• Required action:
Copy nothing but the line with "Property building in" and the lines that follow it to the end of the entries below, and keep the pictures out.

[Recorded data]
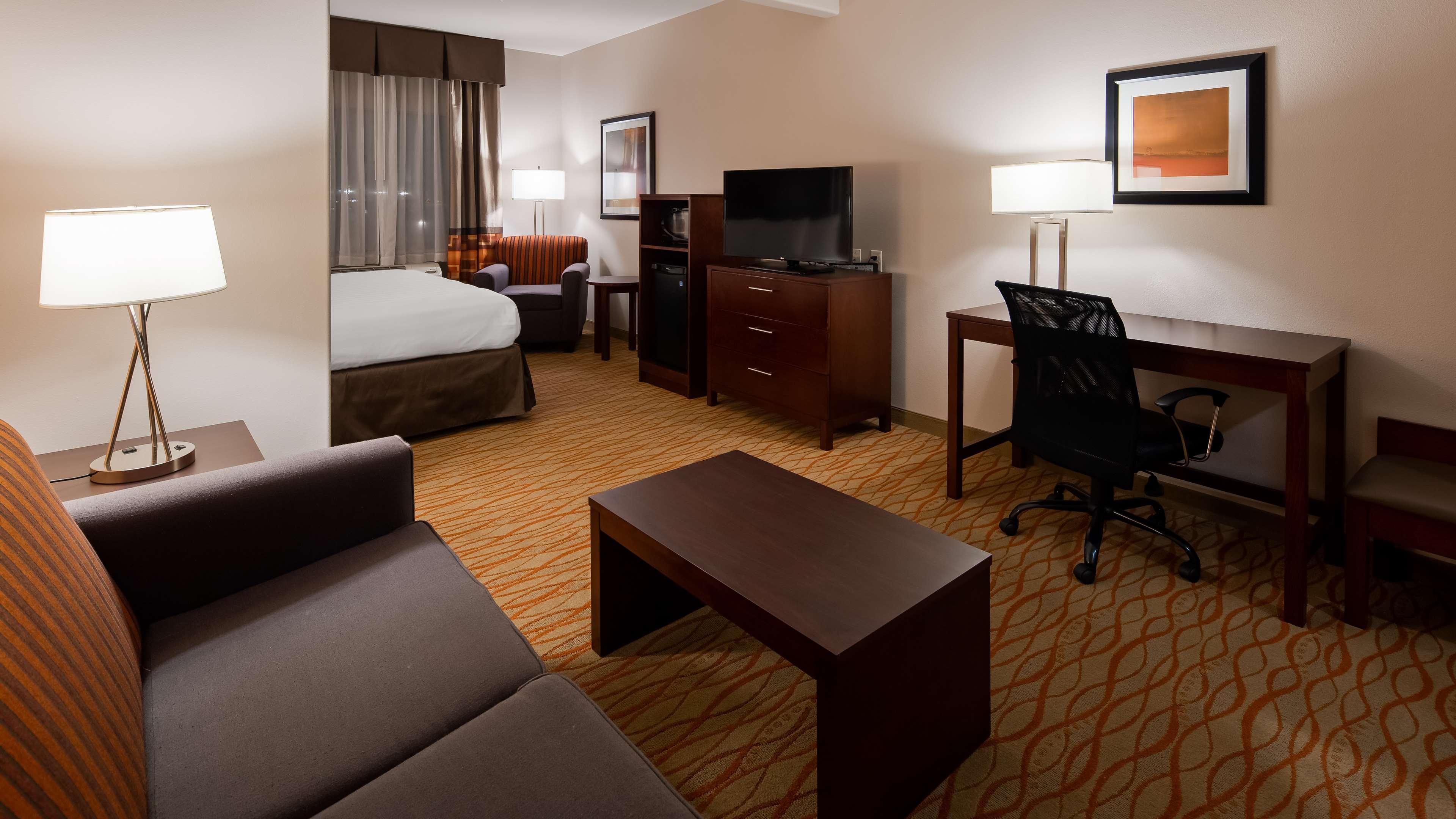 Best Western Plus Spring Inn & Suites Екстер'єр фото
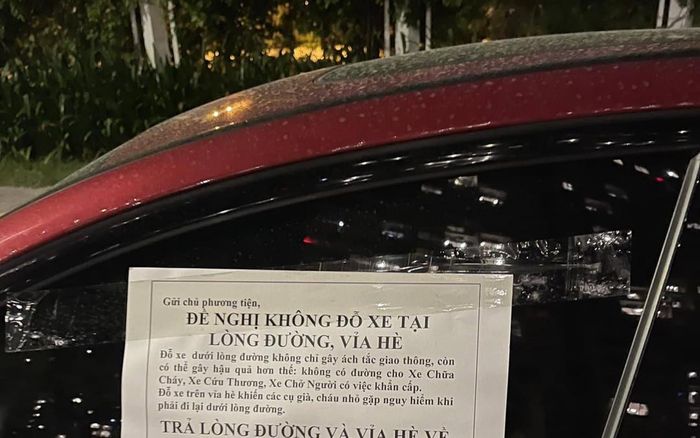 Phát hiện ô tô đậu dưới lòng đường, người dân có cách xử lý vừa văn minh vừa sâu sắc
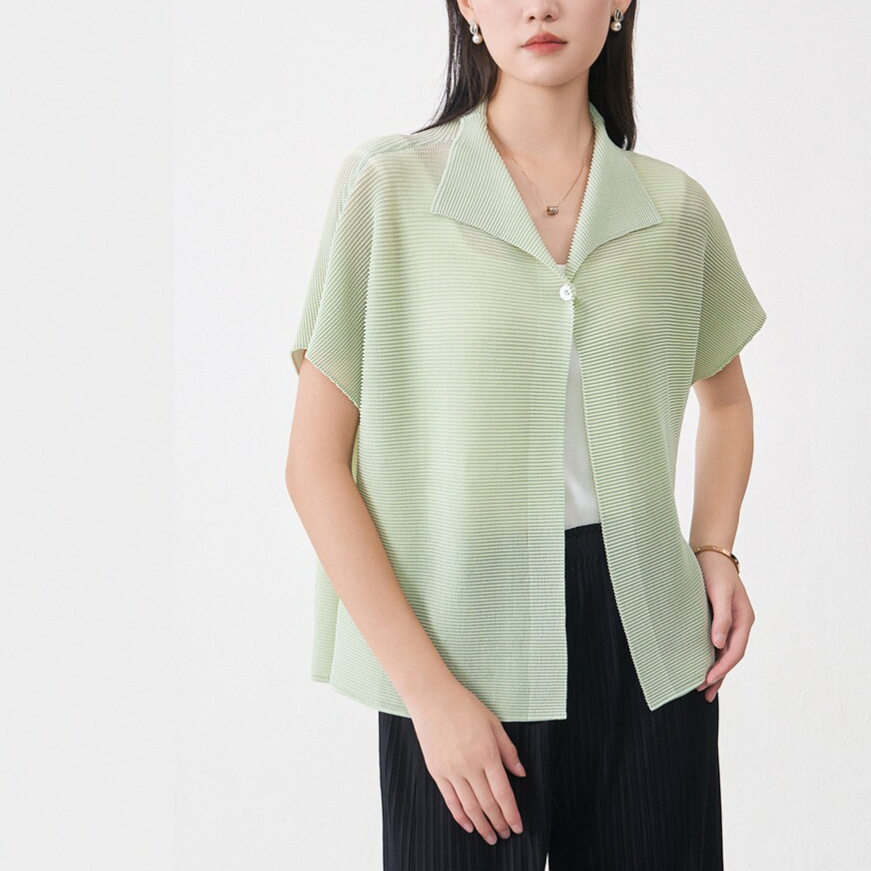 立体褶皱外套女春夏薄款外搭高级感休闲百搭女士短袖开衫上衣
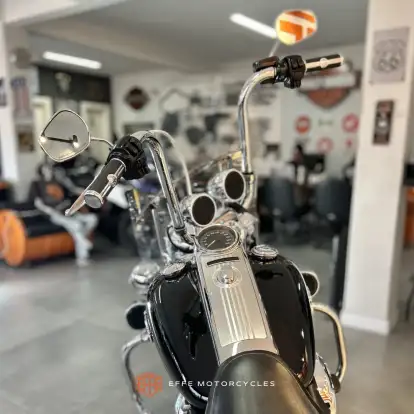 HARLEY-DAVIDSON-ROAD KING CLASSIC-2012
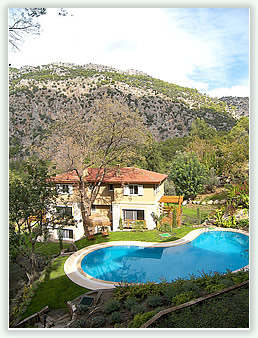 Teras ve verandalar nefes kesici bir manzaraya sahip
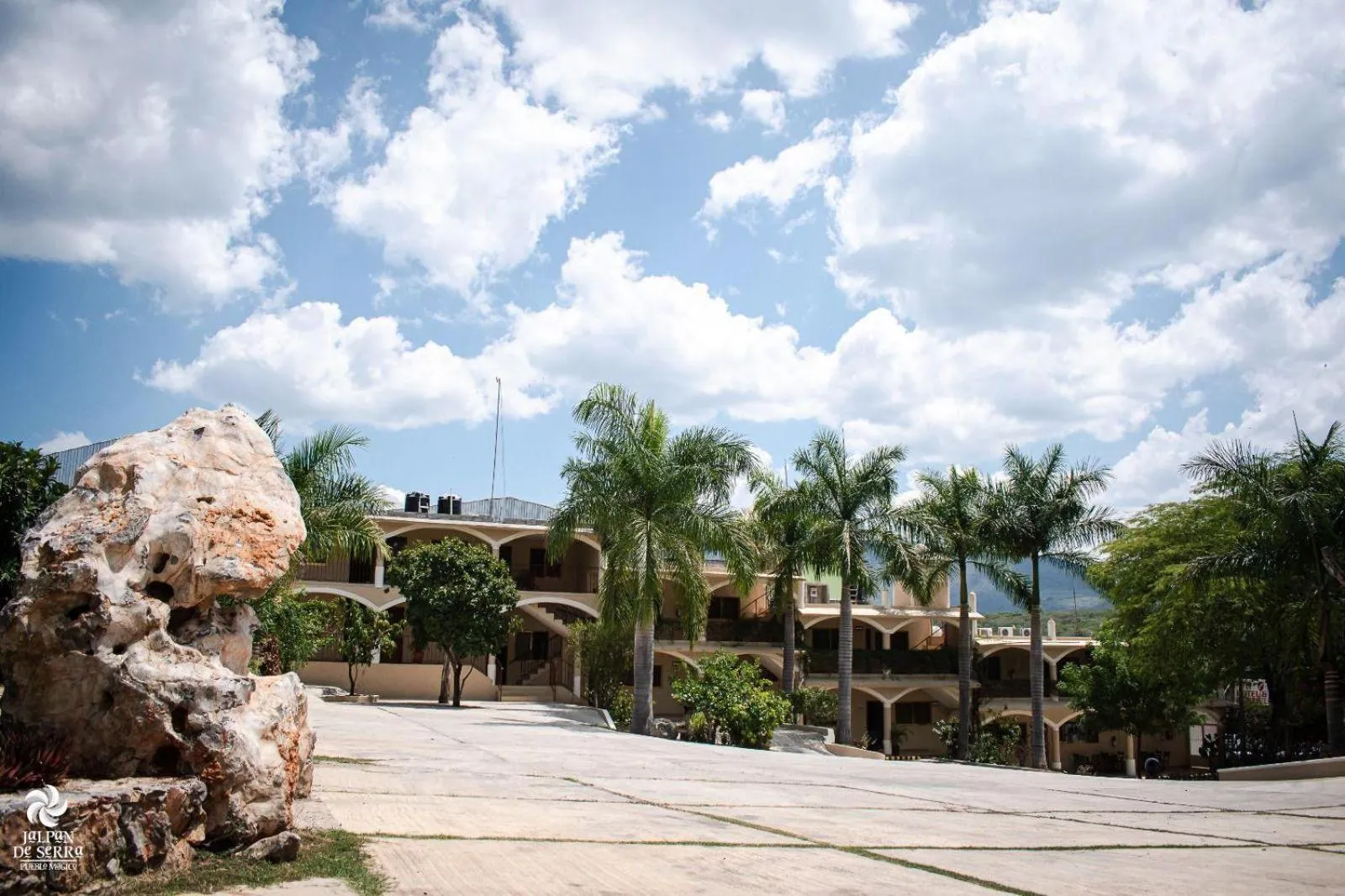 Property building in Hotel y Restaurante Villas Del Sol Jalpan de Serra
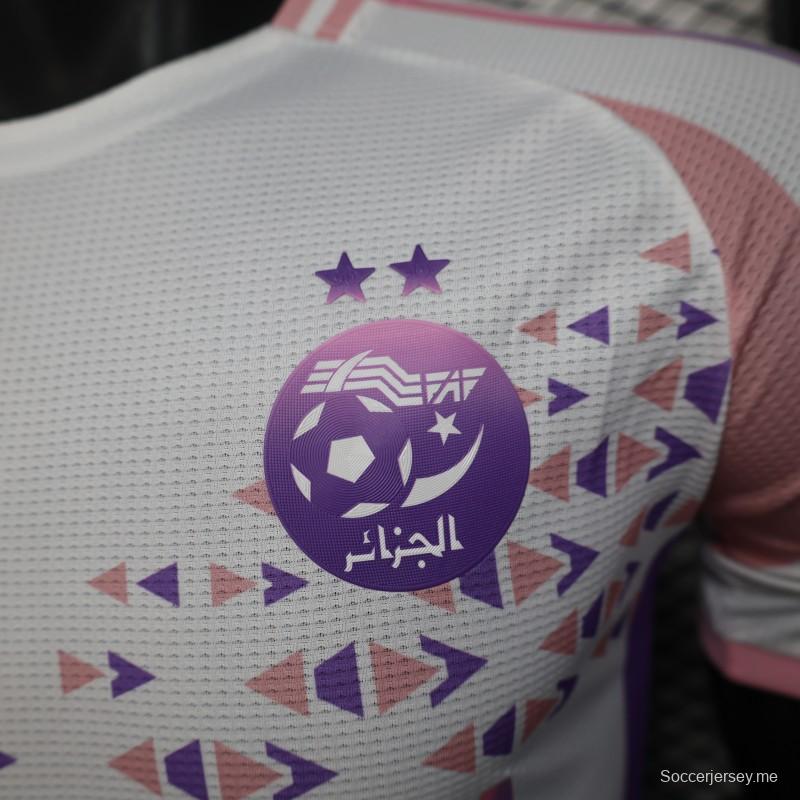 إصدار اللاعب 2025 قميص الجزائر أبيض-وردي بنقوش هندسية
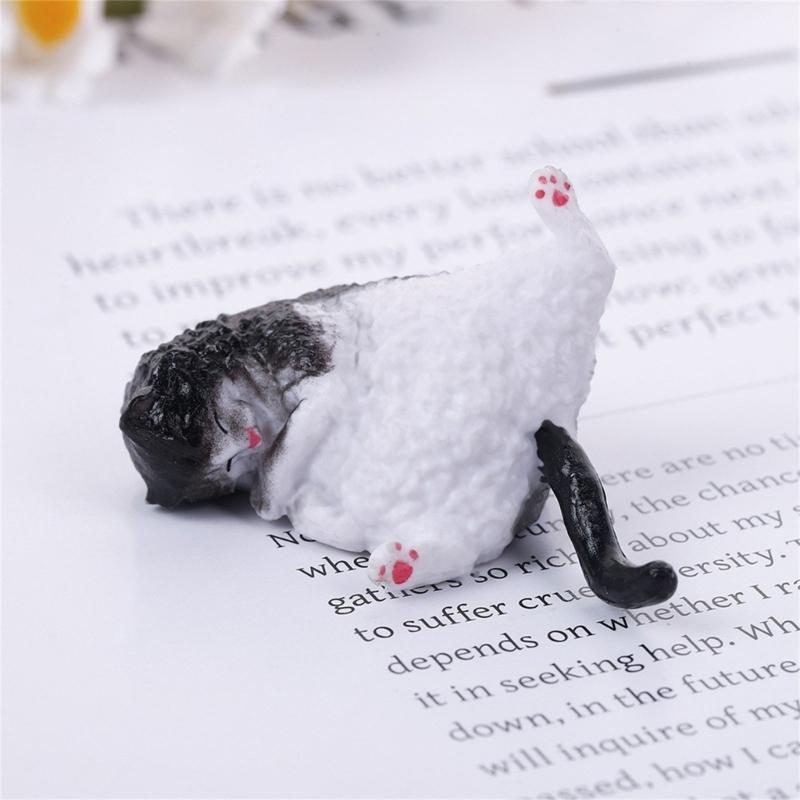Tiny Cats Sculpture Elegant Miniature Decors For Workspaces Shelf Display Pet Lover Gift Quality Resin Craft Figurine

• Solution to the problem:
 Property building in Hotel y Restaurante Villas Del Sol Jalpan de Serra
 إصدار اللاعب 2025 قميص الجزائر أبيض-وردي بنقوش هندسية
Tiny Cats Sculpture Elegant Miniature Decors For Workspaces Shelf Display Pet Lover Gift Quality Resin Craft Figurine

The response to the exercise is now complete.